"delimiter" field behaving weirdly with \n char for the line codec with UTF-16

Hi, I’m trying to parse UTF-16-encoded (with BOM), CRLF newlines CSV data from a TCP input, but I cant get it to be parsed correctly.

In my .conf file:

input {
	tcp {
		port => 5008
		type => "csv"
		codec => line {
			charset => "UTF-16LE"
			delimiter => "\r\n"
		}
	}
}

output {
	stdout{ codec => rubydebug }
}

When I import the data with ncat localhost 5008 < mydata.csv, I only get one giant event.

Thats where I started investigating. Reading the doc for the "delimiter" field ( https://www.elastic.co/guide/en/logstash/7.1/plugins-codecs-line.html ), it says that

Default value is "\n"

When I don’t set the delimiter field, I have other problems, but at least it separates events correctly. However, when I put delimiter => "\n" (which is the default value, it shouldn’t change the output), it parses as one big event.

This leads me to think that there might be a problem with the way that the "delimiter" field for the line codec handles \n and/or \r. Is there something I might have overlooked?

Unless you have config.support_escapes enabled

delimiter => "\n"

is not the default

delimiter => "
"

is the default. You use a literal newline in the configuration file.

That indeed seems to work for the \n when I enable this config.

However, it doesnt work with \r\n. I know that my lines are CRLF:


But I still get one big message. Any idea why?

Thanks.

Using UTF-16 instead of UTF-16LE fixed this problem. EDIT: this is wrong, see my later messages.

Now, messages are separated correctly, but the content does not seem to be understood by logstash: image

Note that your data and your delimiters have opposite endianness. So if you get lines, all of your 16 bit characters have the bytes swapped. I believe it would be possible to fix that in a ruby filter.

I see the same endianness, starts with 2 bytes representing the BOM, then little endian until 0D 00 0A 00, which is also little endian. Is that right?

Yeah, I misread it.

Also I made a mistake, changing to UTF-16 did not fix the problem, I still cant get the \r\n delimiter to work.

How are you setting the delimiter. And what platform (Windows vs. UNIX) are you on?

Current input:

input {
	tcp {
		port => 5008
		type => "csv"
		codec => line {
			charset => "UTF-16"
			delimiter => "\r\n"
		}
	}
}

Current output: one big event. I enabled config.support_escapes: true in logstash.yml.

I’m on Ubuntu 18.04. The file comes from a windows machine.

Looking at the code, the tokenizer knows nothing about the charset. So you need your delimiter to be '\r\0\n\0'.
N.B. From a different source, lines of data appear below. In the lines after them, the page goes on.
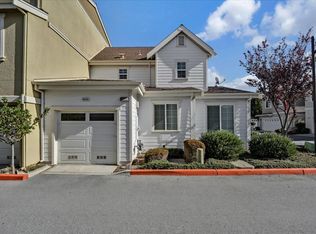 18408 Jade Ln, Morgan Hill, CA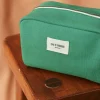 Trousse De Toilette Twyman-Sezane Cheap
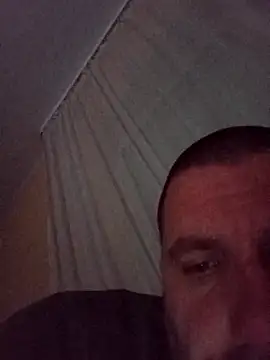 qnaki online show from December 21, 5:26 am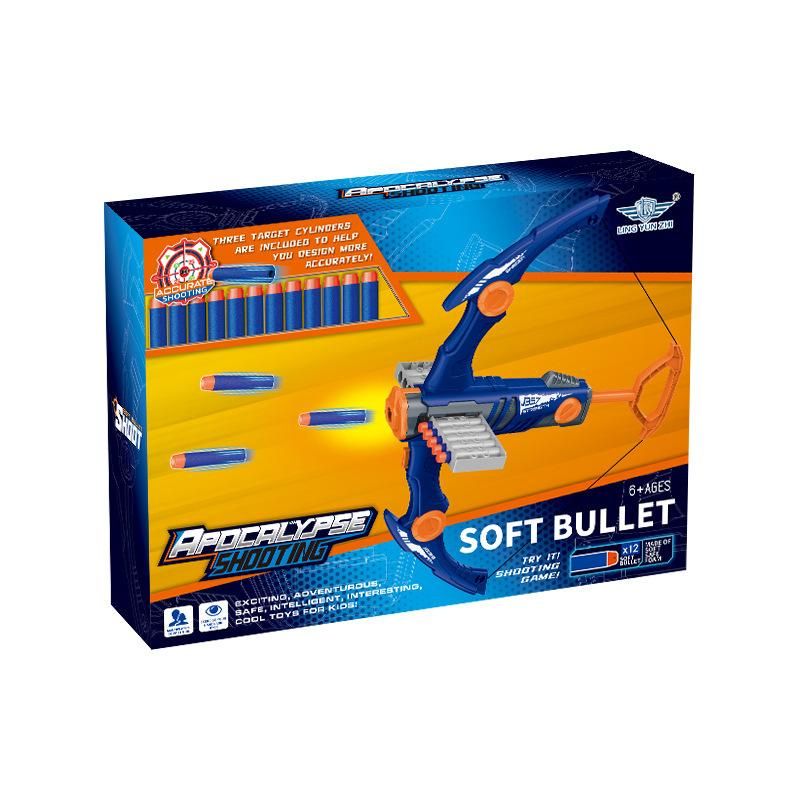 Kids Bow and Arrow Archery Set for Kid Gifts for 3 12 Years Old Boys Girls Indoor and Outdoor Toys Archery Shooting Toy 2023 New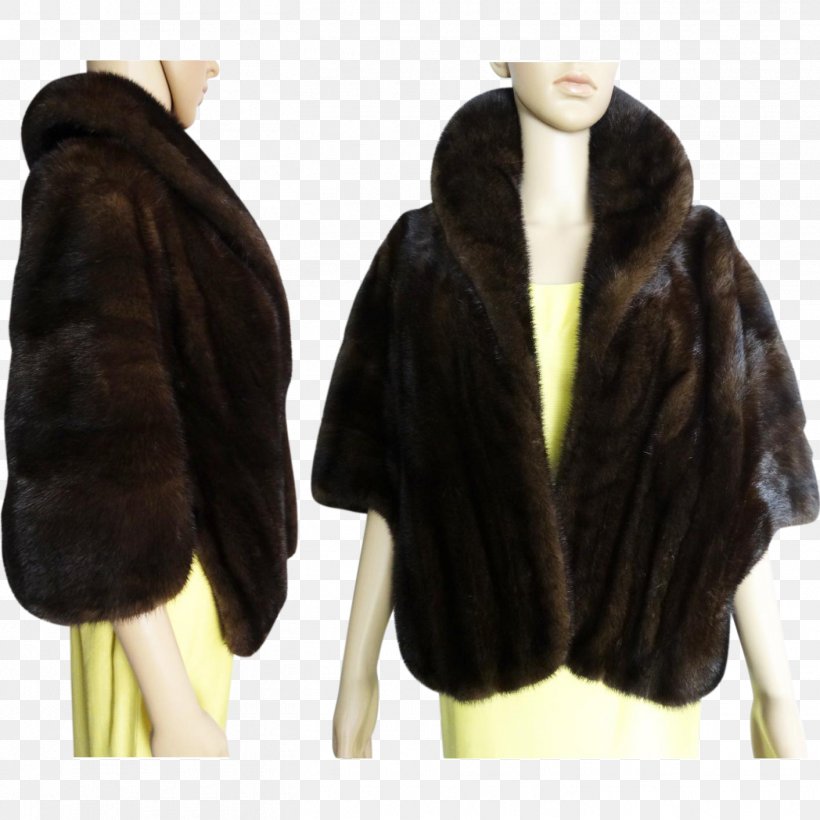 Tammy Corny Collins Fur Clothing Fashion, PNG, 1412x1412px, Tammy, Clothing, Coat, Corny Collins, Dress Download Free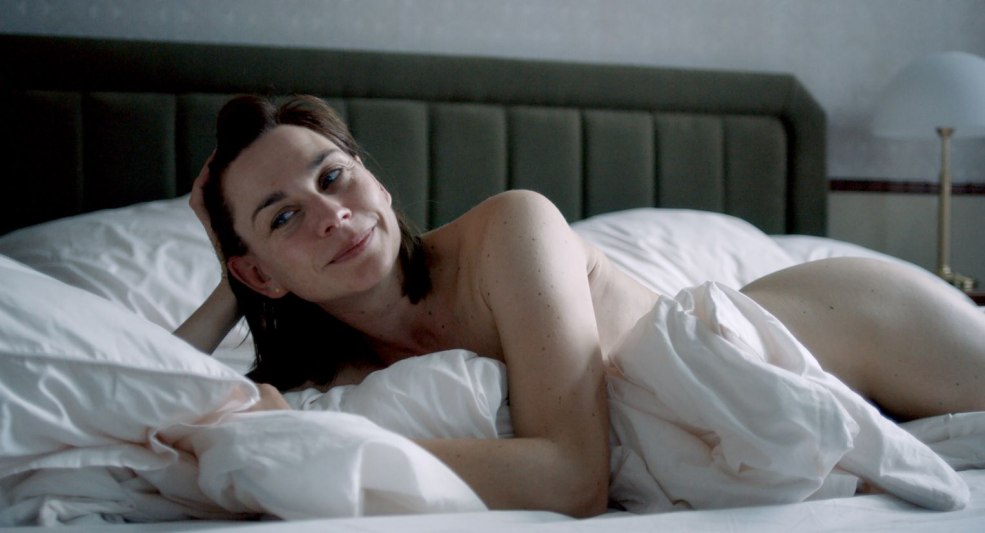 Cecilion Mobile Legends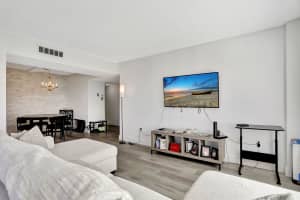 4174 Inverrary Drive 914, Lauderhill, FL 33319 Sold 07/29/25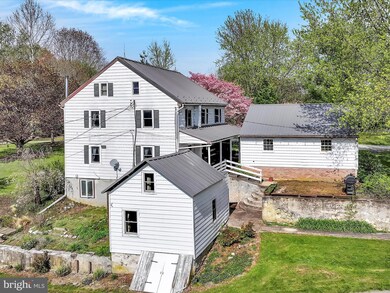 171 Bender Mill Rd, Lancaster, PA 17603 - photo 5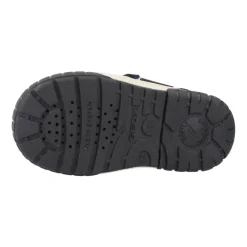 Stylowe Wodoodporne Buty dla Chłopców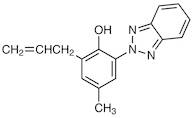 2-(2H-Benzotriazol-2-yl)-4-methyl-6-(2-propenyl)phenol
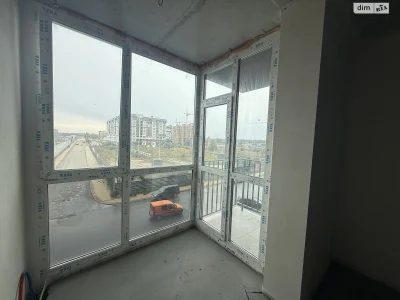 Apartment for Sale in Bucha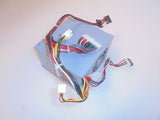 MSCDE--U6794_4.jpg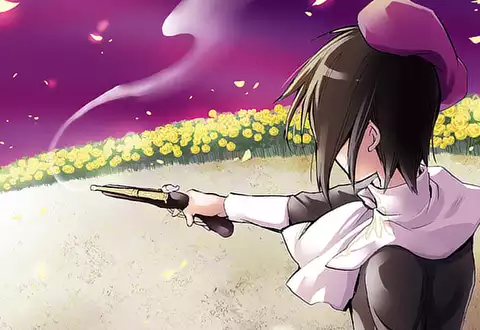 次の話のサムネイル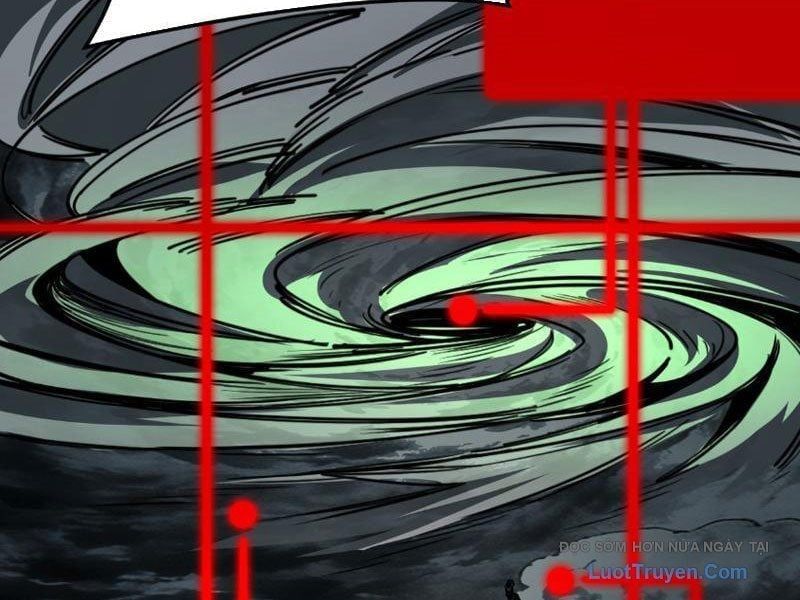 Sau Khi Chia Tay Hoa Khôi, Võ Đạo Của Ta Thẳng Tới Cấp Thần - Chapter 34 - Page 27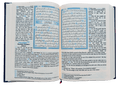 Saheeh International Quran Arabic Text English Meanings and Notes Medium Hard Cover - Darussalam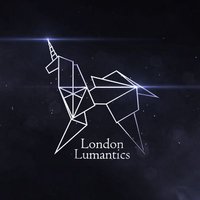 London Lumantics(@LondonLumantics) 's Twitter Profile Photo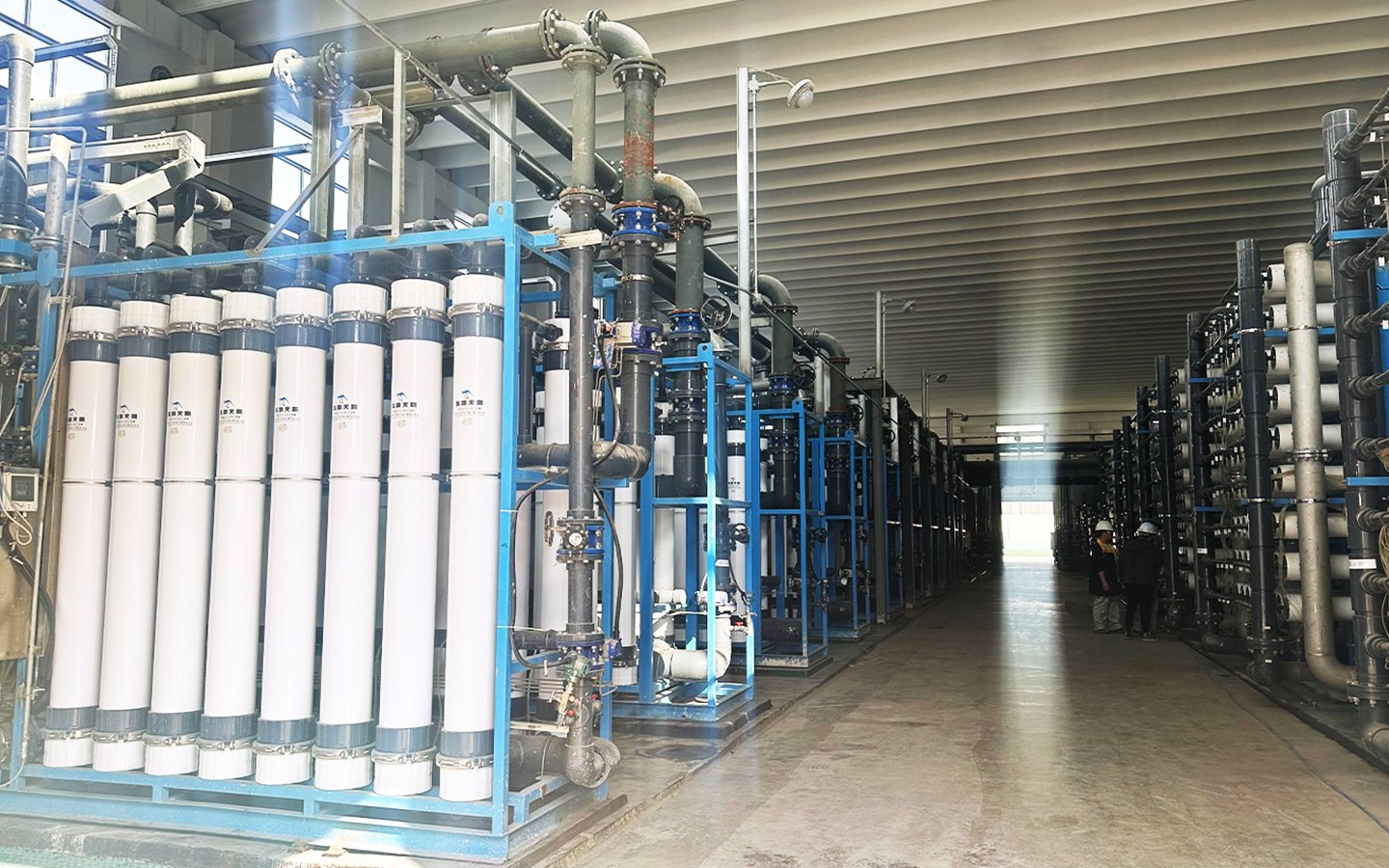 Oem Fully Lugged Butterfly Valve Factory Water Treatment Pengolahan Air Pabrik Butterfly Valve Sepenuhnya Lugged OEM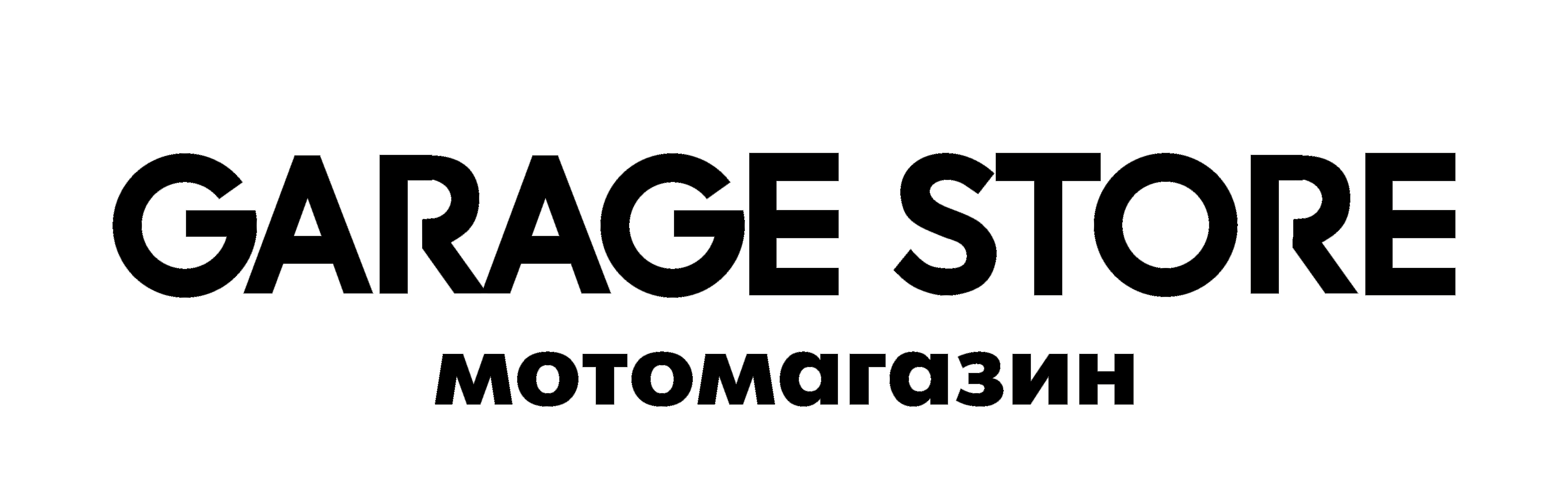GarageStore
There is a PR open to add support for \0, but at the moment I think you are out of luck. I do not know if @yaauie plans to merge this in a future version.

You could get rid of the codec and tokenize it yourself in a ruby filter.

Alright I’ll take a look at that. Many thanks for your time!

This topic was automatically closed 28 days after the last reply. New replies are no longer allowed.